- [What you will do]
Write out the listing from the line with "Vtg Sheath Hunt" to the line with "Obrázek Váza čtyřboká závěsná starostříbro", both lines included, exactly and nothing beyond. Leave pictures out.

- [Material shown]

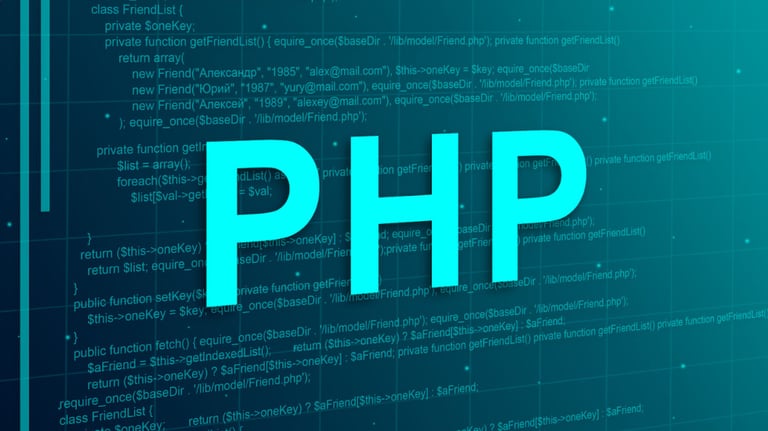 building a professional website for PHP web applications.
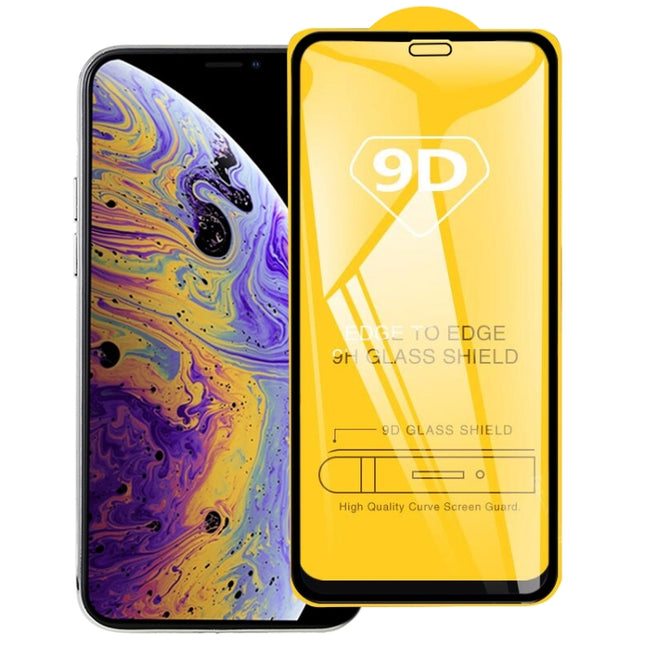 9H 9D Full Screen Tempered Glass Screen Protector for iPhone 11 Pro / XS / X-garmade.com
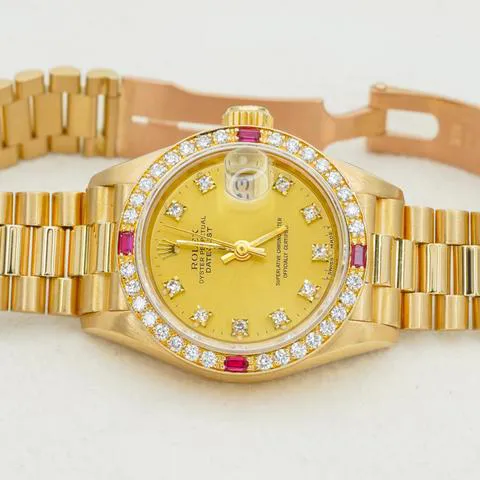 Rolex Lady-Datejust 69068 26mm Yellow gold Champagne 5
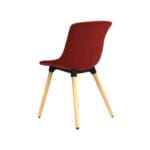 Silla Mili Acolchada Roja – Diseño Moderno, Estilo y Comodidad - Imagen 3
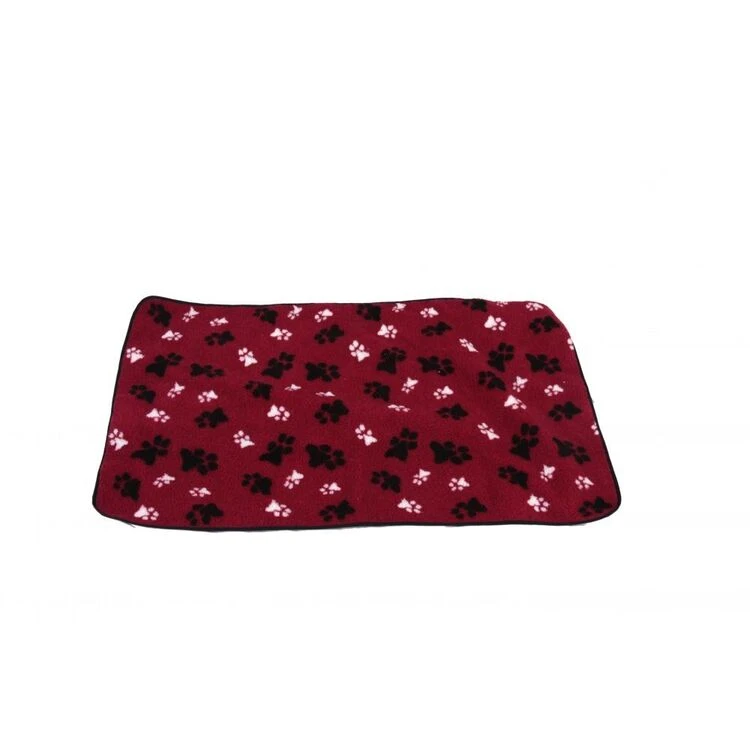 AniMate Dog Blanket In Red Paw Print 4 AniMate Dog Blanket In Red Paw Print - Image 2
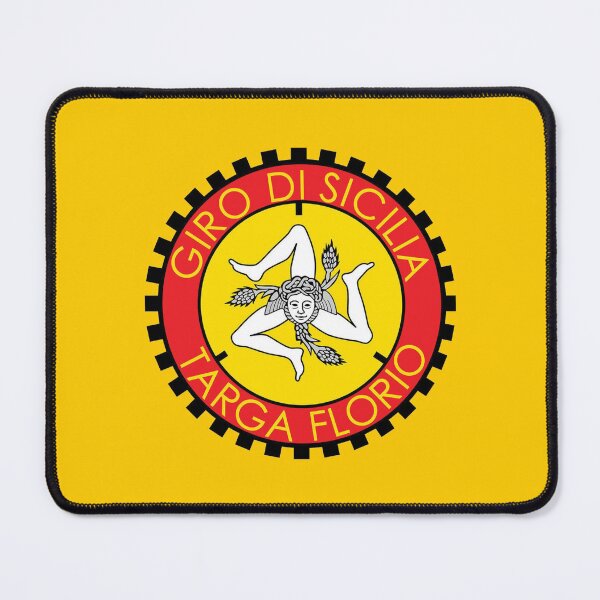 Item preview, Classic Targa Florio emblem - small print T shirt, car windscreen sticker. designed and sold by retropetrol.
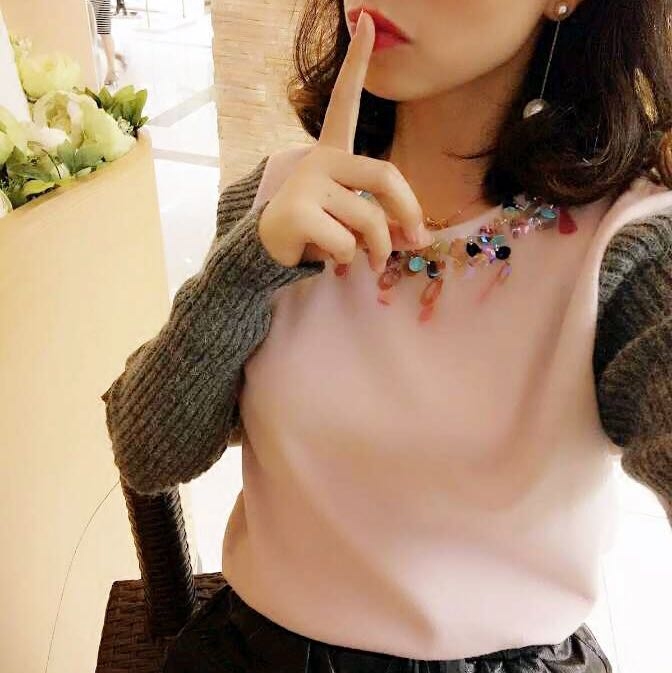 复古兔毛重工钉珠复古兔毛毛衣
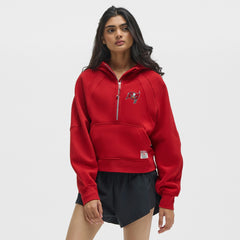 Tampa Bay Buccaneers lululemon Women's Scuba Oversized Half-Zip Hoodie - College Crimson - NFL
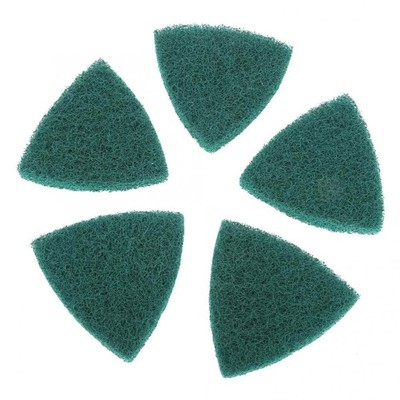 5pcs Triangle Scouring Pads Selbstklebende Polierscheibe Für Schleifmaschine
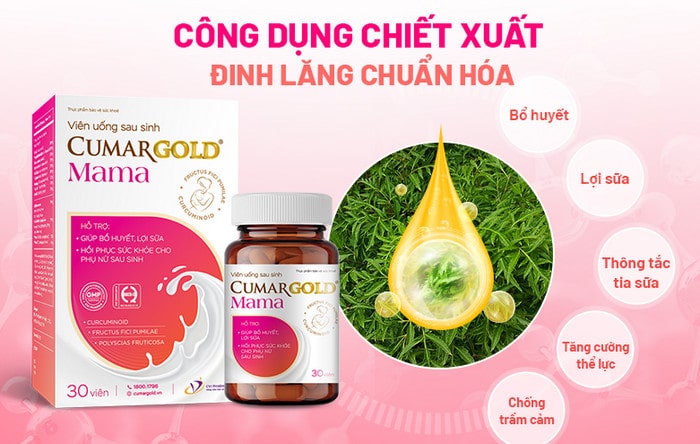 Sản phẩm CumarGold Mama của hãng nào?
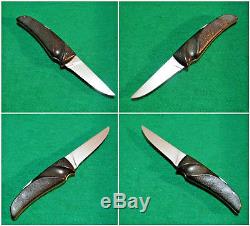 Vtg Sheath Hunt Blade High Speed Usa GERBER FFH Knife Orig #1 Handle fold case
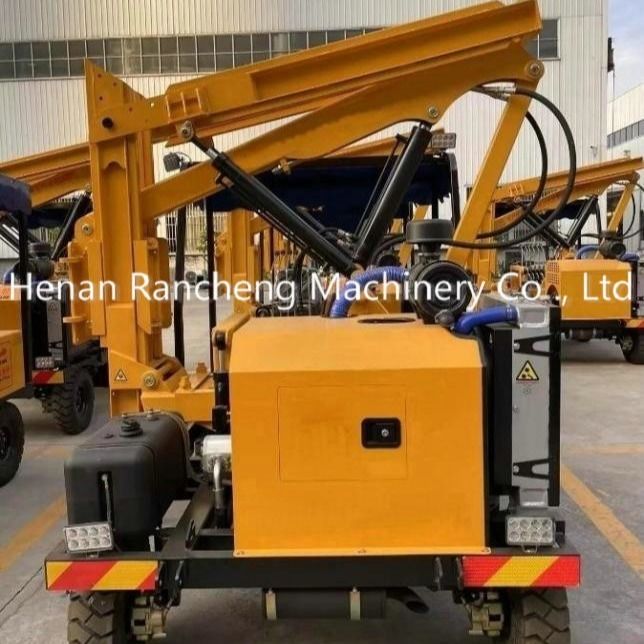 Solar-Pile-Treiber mit 39 kW-Motor 170 cm Bohrtiefe 2600 mm Piling Höhe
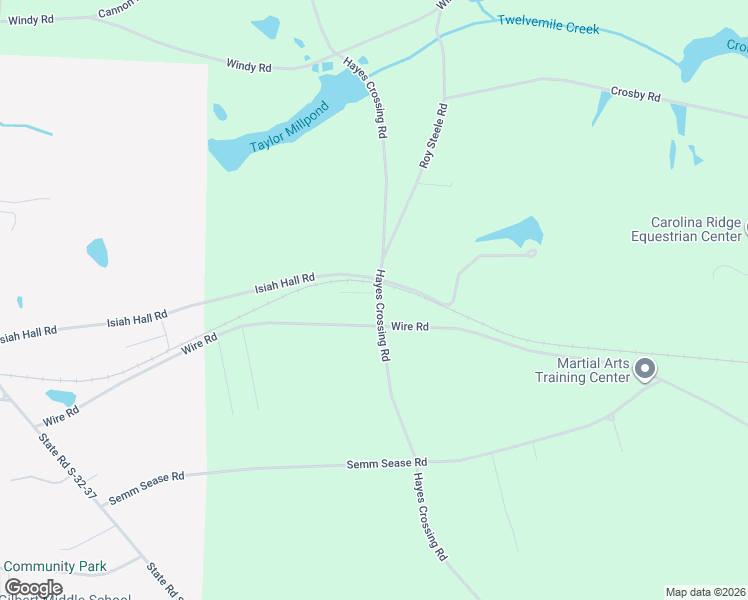 map of restaurants, bars, coffee shops, grocery stores, and more near 810 Hayes Crossing Road in Gilbert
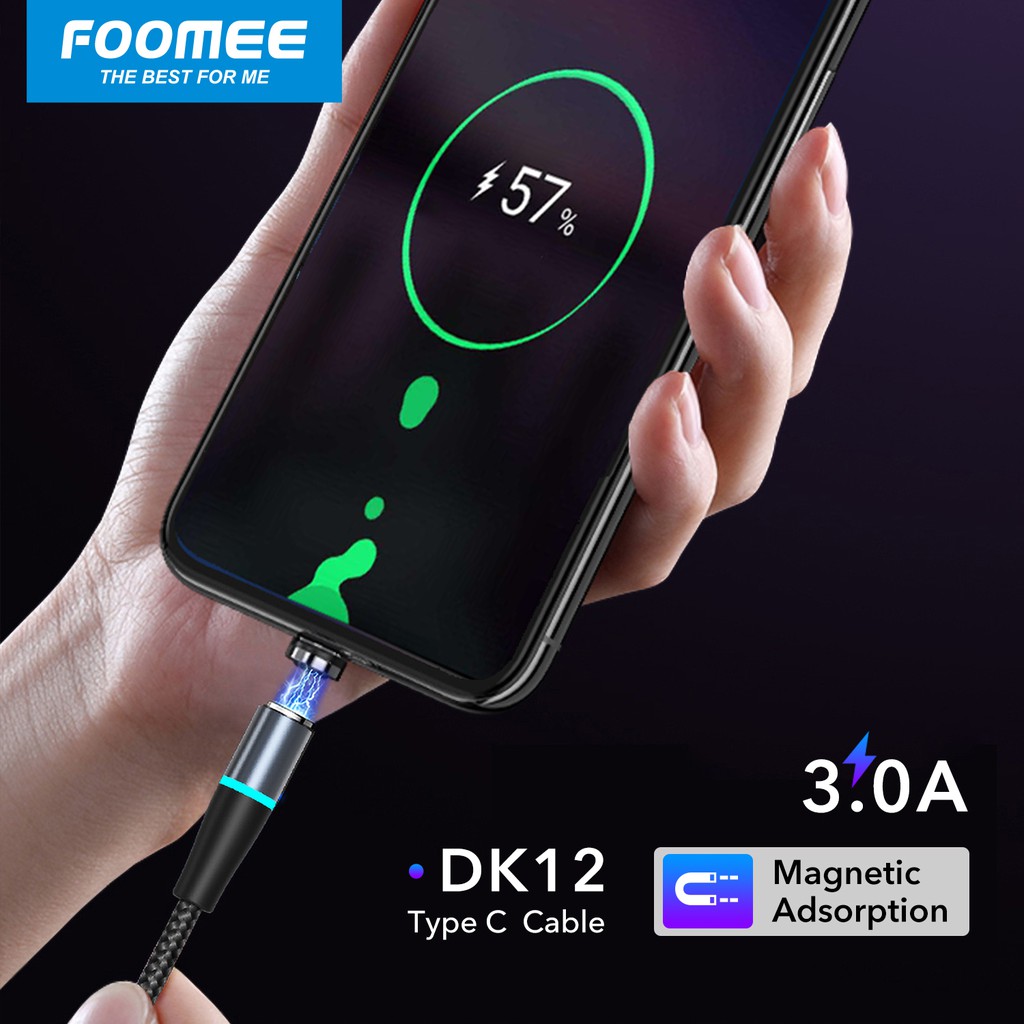 Kabel Magnetic Fast Charging Foomee DK12 Kabel Type C Fast Charging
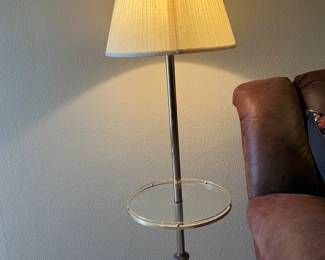 Floor lamp with table.
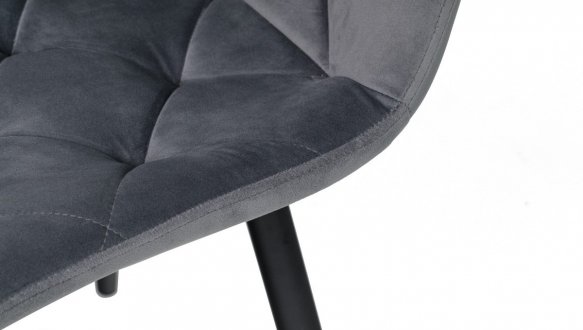 Стул M-45 серый + черный 8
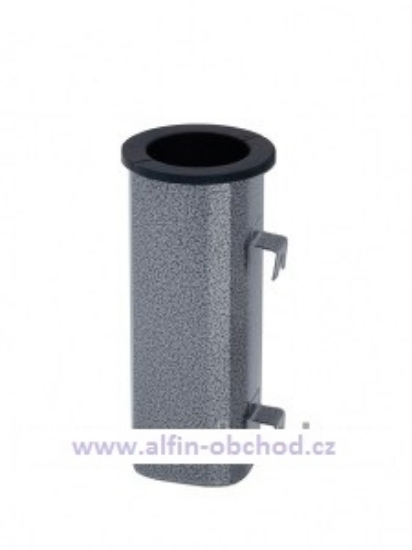 Obrázek Váza čtyřboká závěsná starostříbro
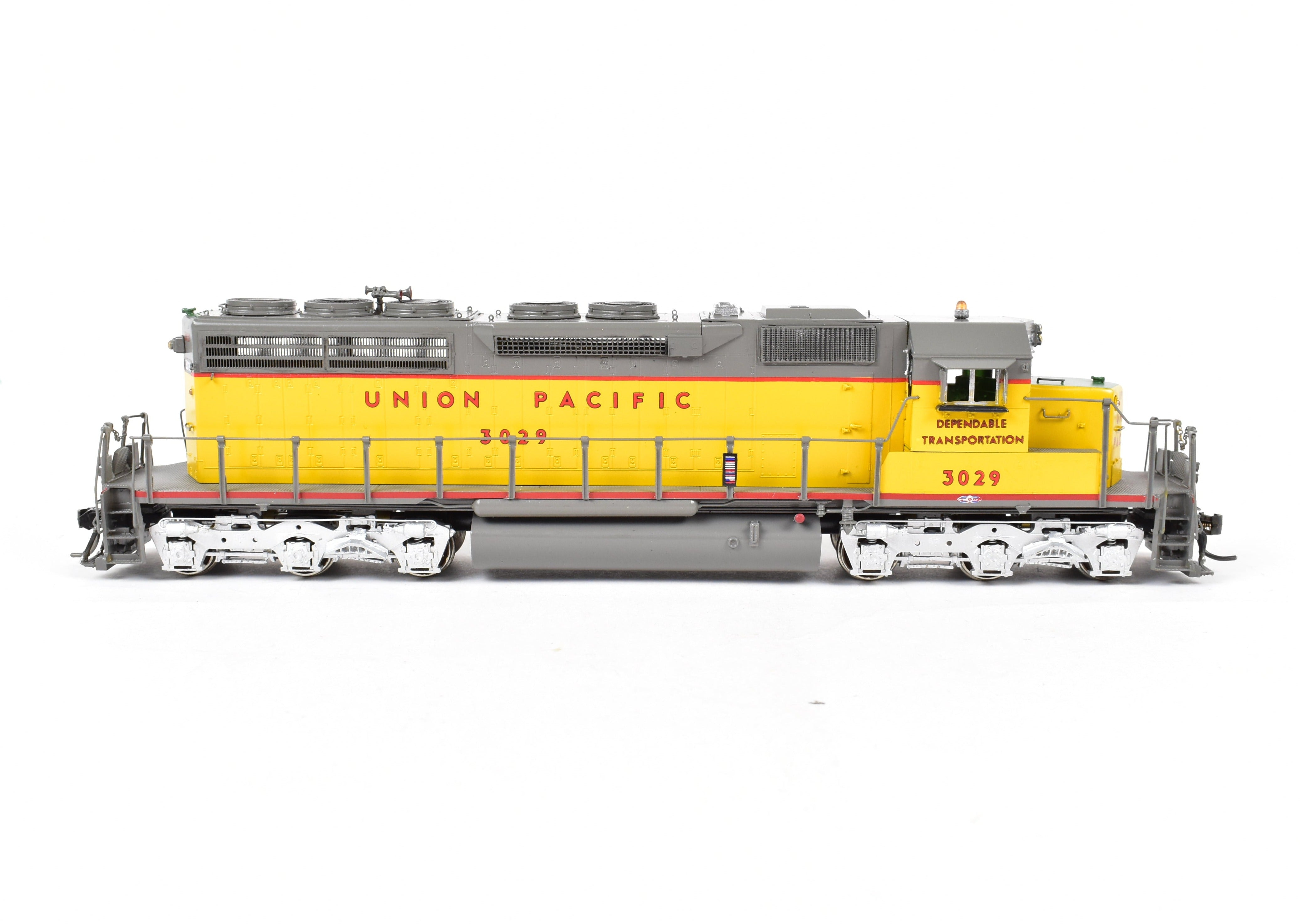 HO Scale Brass Model Train - Overland Models Inc. Union Pacific EMD SD40 Low Nose Locomotive, Custom Painted as UP No. 3029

- [Expected output]
 Vtg Sheath Hunt Blade High Speed Usa GERBER FFH Knife Orig #1 Handle fold case
 Solar-Pile-Treiber mit 39 kW-Motor 170 cm Bohrtiefe 2600 mm Piling Höhe
 map of restaurants, bars, coffee shops, grocery stores, and more near 810 Hayes Crossing Road in Gilbert
 Kabel Magnetic Fast Charging Foomee DK12 Kabel Type C Fast Charging
 Floor lamp with table.
 Стул M-45 серый + черный 8
 Obrázek Váza čtyřboká závěsná starostříbro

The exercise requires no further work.